El acuerdo con el FMI no salvará al peso argentino

8 de Junio de 2018 - Kenneth Rapoza

 


El peso argentino sobrevivió a un mes de titulares negativos y al retorno del FMI. Pero para BNP Paribas, es hora de ir en corto otra vez.

“¿Por qué hay que salir del peso ahora?”, pregunta Gabriel Gersztein, jefe de estrategia para América Latina de BNP Paribas en São Paulo. Y se responde señalando que un real más débil tiende a impactar en el peso y que la intervención del Banco Central en el mercado peso-dólar será esporádica. El dólar se encamina a los $27 y más, cree. “Desde un punto de vista macroeconómico, un peso más débil es uno de los elementos necesarios para nivelar los persistentes desequilibrios de la Argentina, incluida la necesidad de aumentar los ingresos fiscales”. Por supuesto, cualquier movimiento que suba aún más los precios en Argentina, un país con una inflación anual del 25%, se encontrará con una feroz oposición en la población, especialmente de aquellos sectores que apoyan al peronismo.  El presidente argentino Mauricio Macri tiene poco más de un año para bajar la inflación, hacer que la economía crezca para compensar los recortes de subsidios y las altas tasas de interés, ahora en el 40%. Si no consigue un éxito rotundo en este frente, la Argentina volverá una vez más a la política populista y cuasi-socialista de Cristina Kirchner.
Por ahora los inversores están satisfechos con el programa del FMI y creen que Macri tiene tiempo para lograrlo, a menos que el electorado reaccione en contra en 2019.
El préstamo de US$ 50.000 millones del FMI es menos usual que lo normal, con el equipo económico de Macri más en el mando que la tan difamada institución multilateral. El dinero del FMI le da a la Argentina un grado de libertad respecto de los mercados financieros extranjeros, permitiéndole pagar su deuda pública en los próximos trimestres.
Sin embargo, el FMI sigue siendo el FMI. No regala dinero gratis. Algunas condiciones no serán fáciles de cumplir. El principal compromiso de la Argentina es achicar el ritmo de la meta fiscal -lo que significa austeridad- en un año de débil crecimiento económico. Esto es un gran obstáculo para las esperanzas de reelección de Macri para el próximo año. “El riesgo electoral es ahora un factor”, dice Gerzstein.
El FMI exige un ritmo más rápido de saneamiento presupuestario para el equilibrio primario en 2020 y un superávit primario de +0,5% en 2021. Pero si los peronistas regresan en 2020, el FMI puede despedirse de sus objetivos.

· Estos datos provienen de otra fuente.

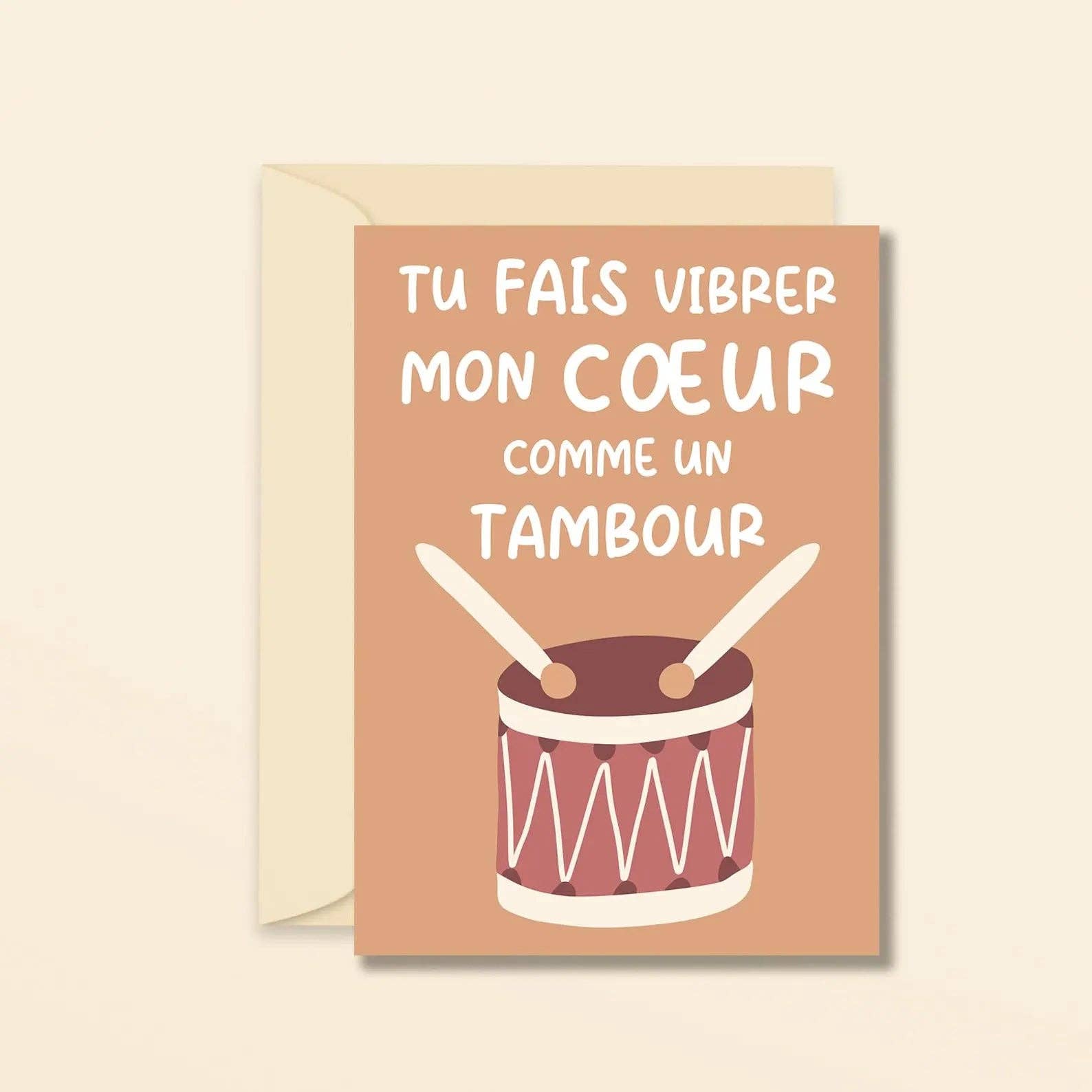 karte.designs - joyeuse carterie - Wholesale Love Card - You make my heart beat like a drum - greeting card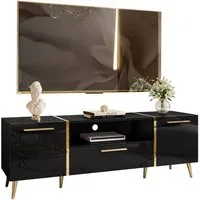 Lookway Lowboard ONYX TV-Schrank auf goldenen Beinen Hochglanz 158 cm Griffe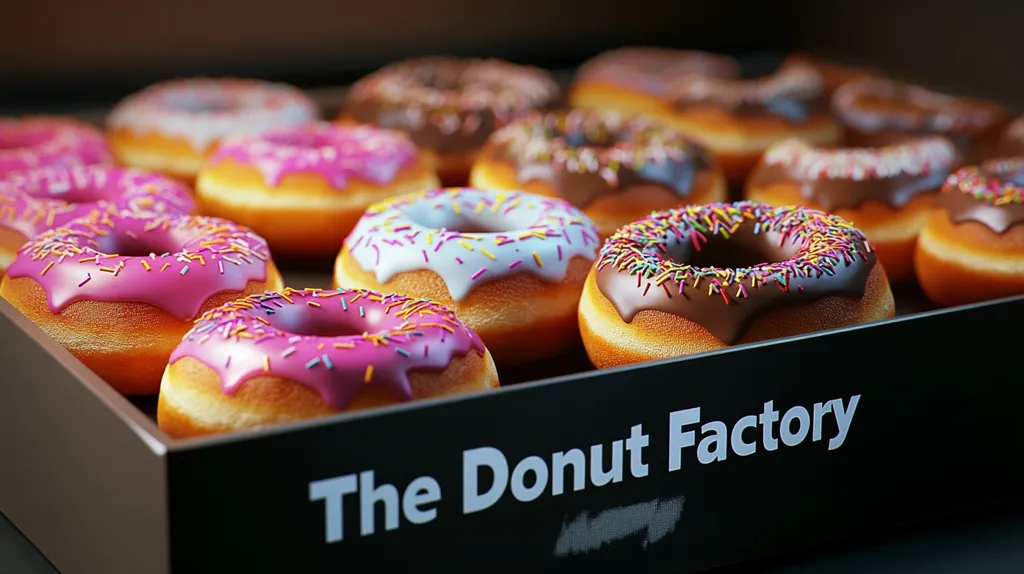 A close-up shot of a box of donuts from "The Donut Factory." The box is filled with a variety of donuts, including chocolate, pink, white, and sprinkles. They look fresh and delicious. The box is black with white lettering.  The donuts are arranged in a row, showcasing their colorful toppings. The image captures the tempting allure of freshly baked donuts.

Hubo cierta flexibilidad en las metas de inflación, pero el Fondo apunta al 17% para 2019, teniendo en cuenta el 25,6% para este año. Teniendo en cuenta que las tres subidas consecutivas del tipo de cambio en este último mes no han mermado la inflación, es de suponer que las tasas de interés en Argentina no están bajando. Y esto es un impedimento para el crecimiento económico.

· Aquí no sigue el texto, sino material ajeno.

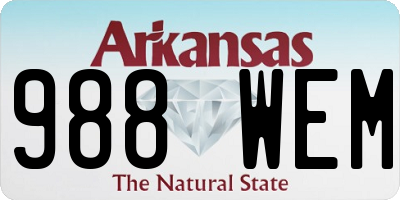 AR license plate 988WEM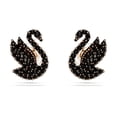 thumbnail image 1 of Pendientes con forma de cisne de Swarovski con cristales negros y perlas de oro rosa, 1 of 5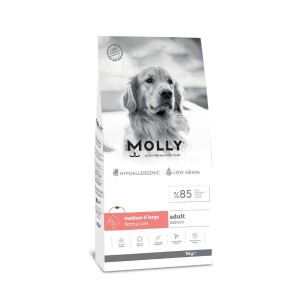 Molly Düşük Tahıllı Hypoallergenic Somonlu Orta ve Büyük Irk Yetişkin Köpek Maması 15 Kg - Molly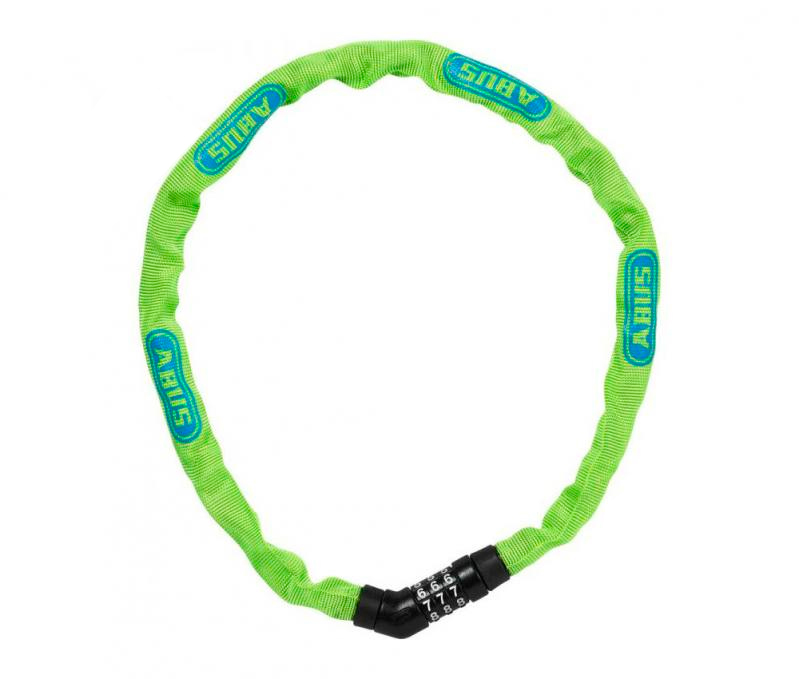 Замок ABUS Steel-O-Chain, цепь 4x75, кодовый на 3 цифры, салатовый, синий логотип фото 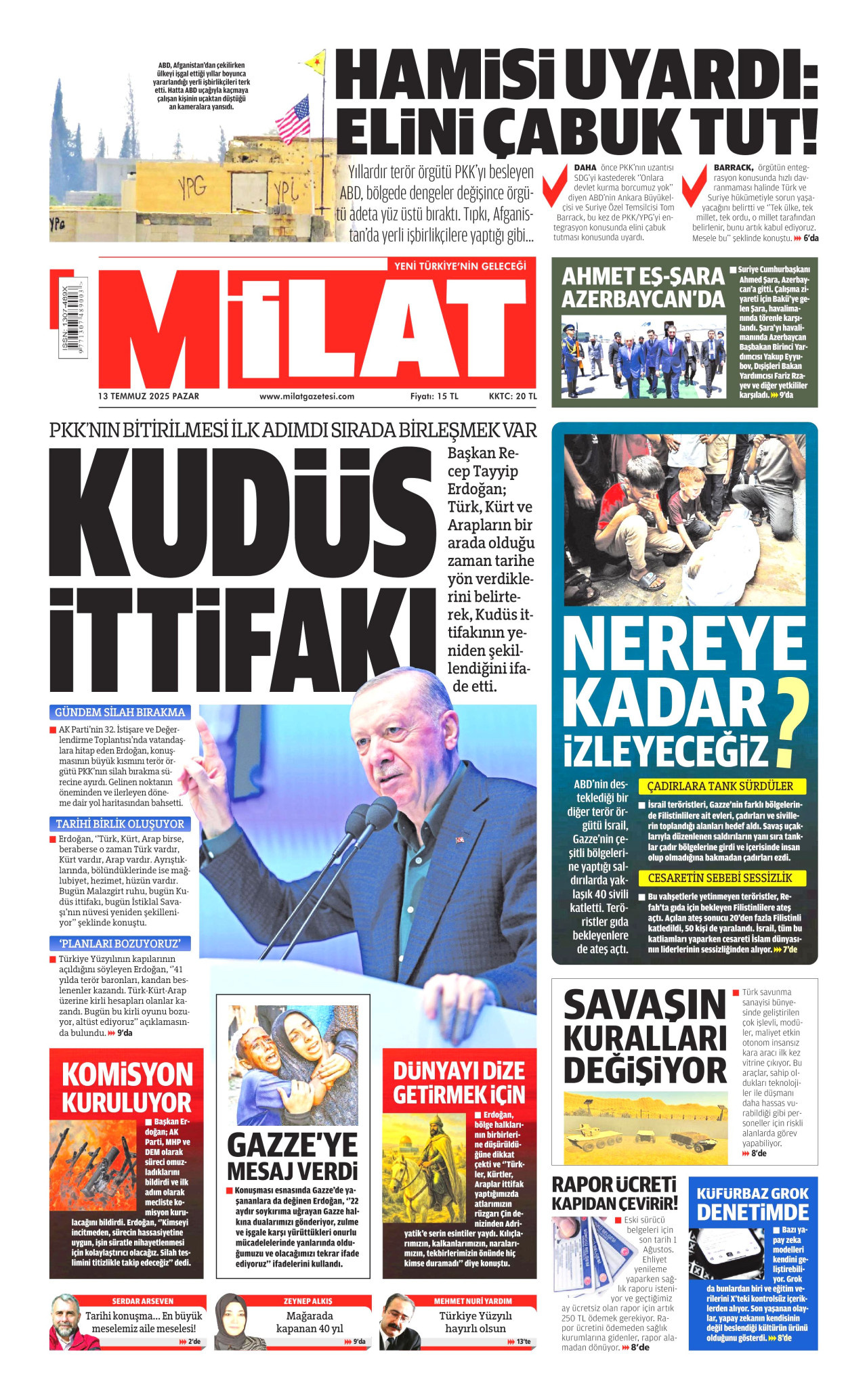 MİLAT gazetesinin 13 Temmuz 2025 tarihli birinci sayfası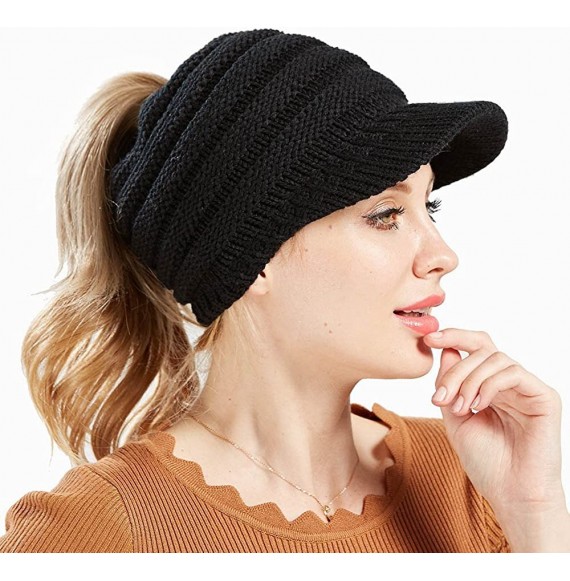 Skullies & Beanies Women's Warm Chunky Cable Knit Messy Bun Hat Ponytail Visor Beanie Cap - Navy - CF18HYW08TU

El FMI cree que la inflación puede bajar al 13% en 2020 y al 9% en 2021, que es casi la mitad de lo que el Banco Central prevé ahora. El ministro de Economía, Nicolas Dujovne, reiteró esta semana la importancia que tienen los mercados de divisas. No descartó la intervención, pero probablemente no sea prudente que el Banco Central siga hurgando entre los dólares para apuntalar el peso.

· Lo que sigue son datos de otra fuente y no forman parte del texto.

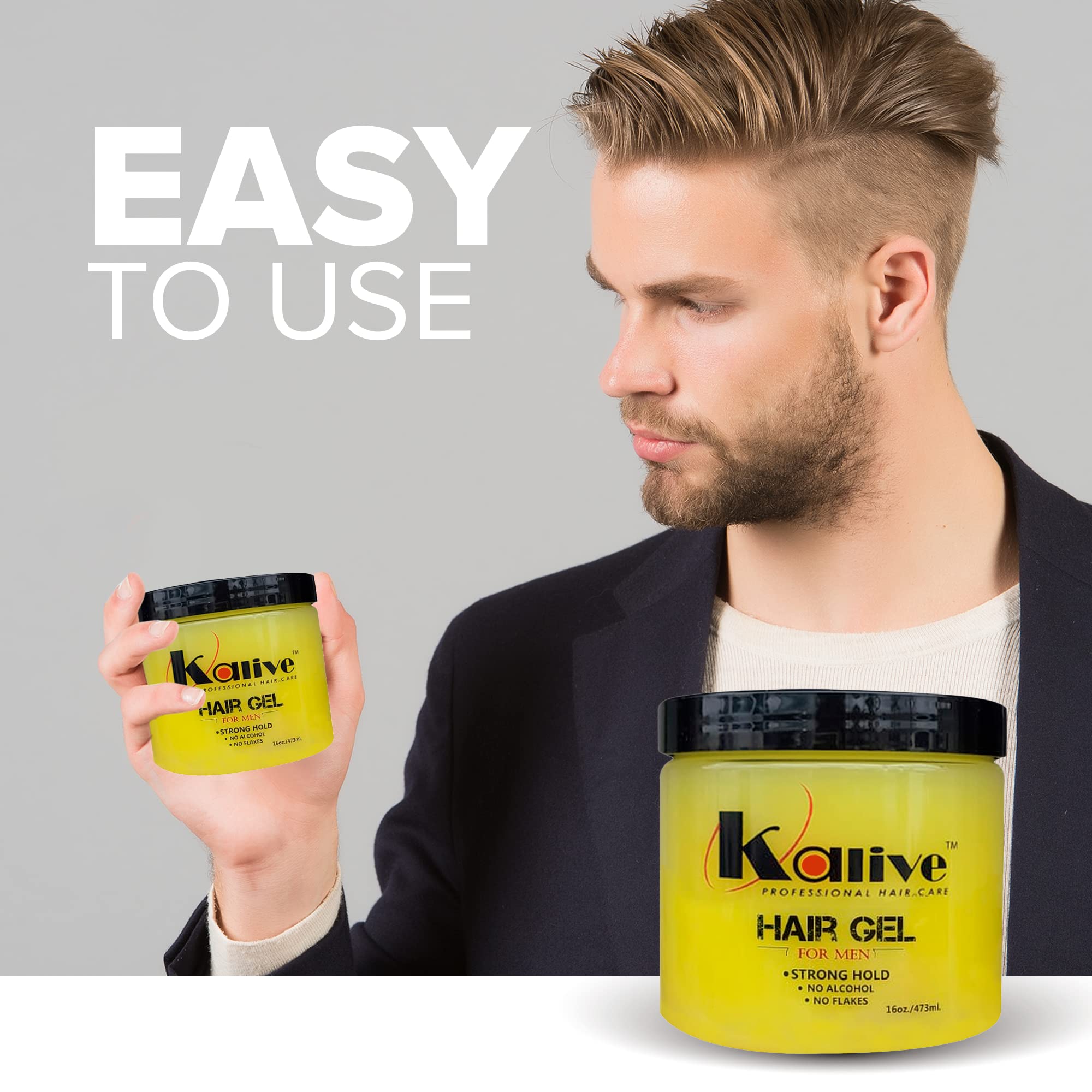 KALIVE 2 STYLE Men's Hair Styling Gel – Strong Hold, Light Shine, 16 oz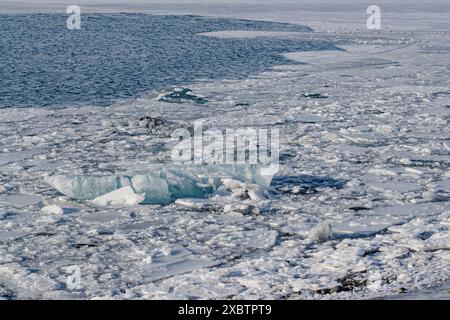 Gros plan de Arctic Ice Chunk sur les eaux gelées Banque D'Images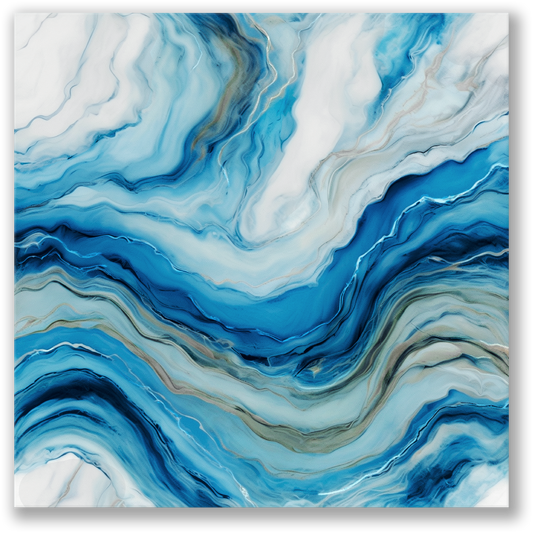 blue abstract coastal art ROLLING SURF. The beautiful ocean art shows blue abstract design.
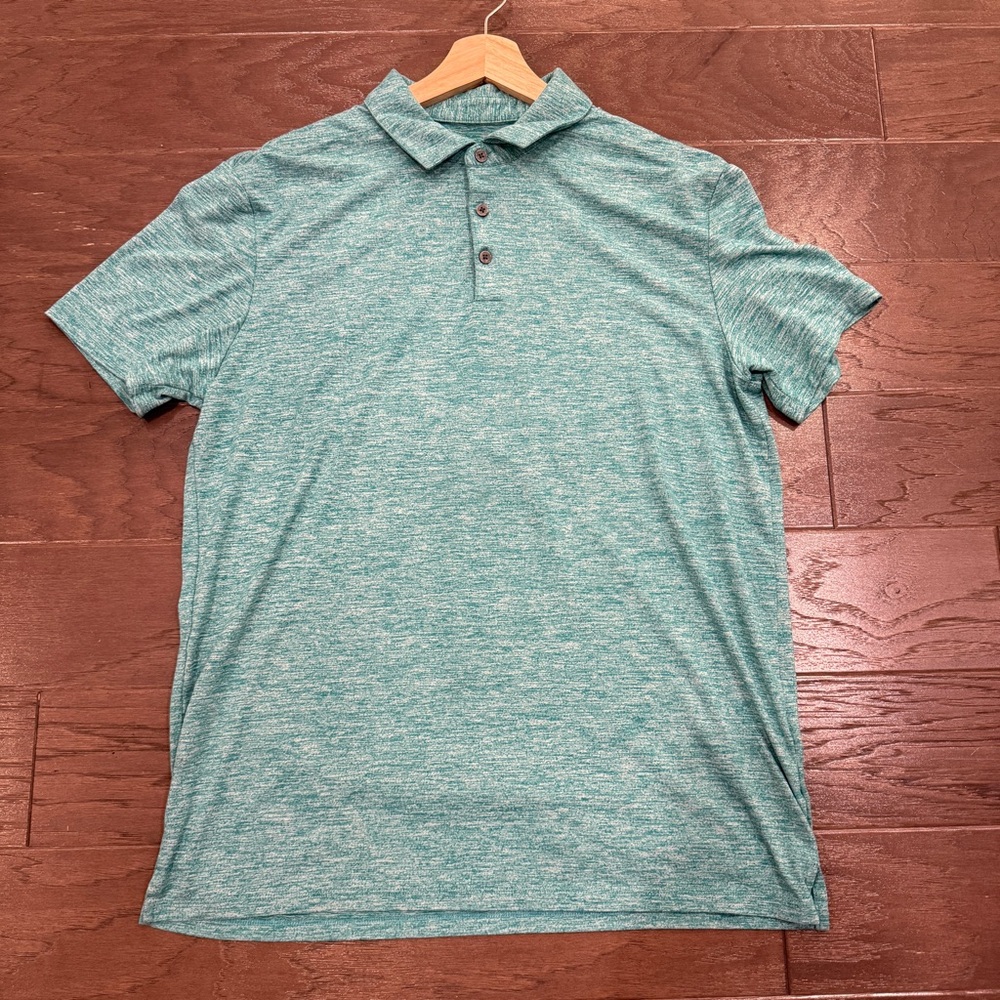 Marc Anthony Performance Stretch Polo – Heather Teal – Men’s Large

La analista de Nomura Securities, Siobhan Morden, cree que se moverán a un tipo de cambio flotante controlado, en lugar de dejar que el peso ceda totalmente frente al dólar. La intervención sigue sobre la mesa, pero sólo para reducir la volatilidad excesiva si los locales entran en pánico.
Más optimisa, Morden piensa que Macri puede manejar la economía sin tener que ir al Congreso en busca de apoyo. No hay duda de la oposición irá contra Macri, vendiéndole a la población la historia de que está cumpliendo las órdenes del FMI y regalando soberanía a los banqueros extranjeros.
Mientras tanto, la economía argentina se mantiene. Para el año se prevé un crecimiento del PBI de entre el 0,4% y el 1,4%.
Además de los propios problemas internos de la Argentina, la Reserva Federal está aumentando las tasas de interés. Un dólar fuerte es un viento en contra para los mercados emergentes en general. Cada vez que el dólar fluctúa demasiado sus músculos fue un huracán para esos países. Macri definitivamente tiene mucho trabajo por delante. Mientras tanto, el peso ya perdió 1.7% de su valor frente al dólar.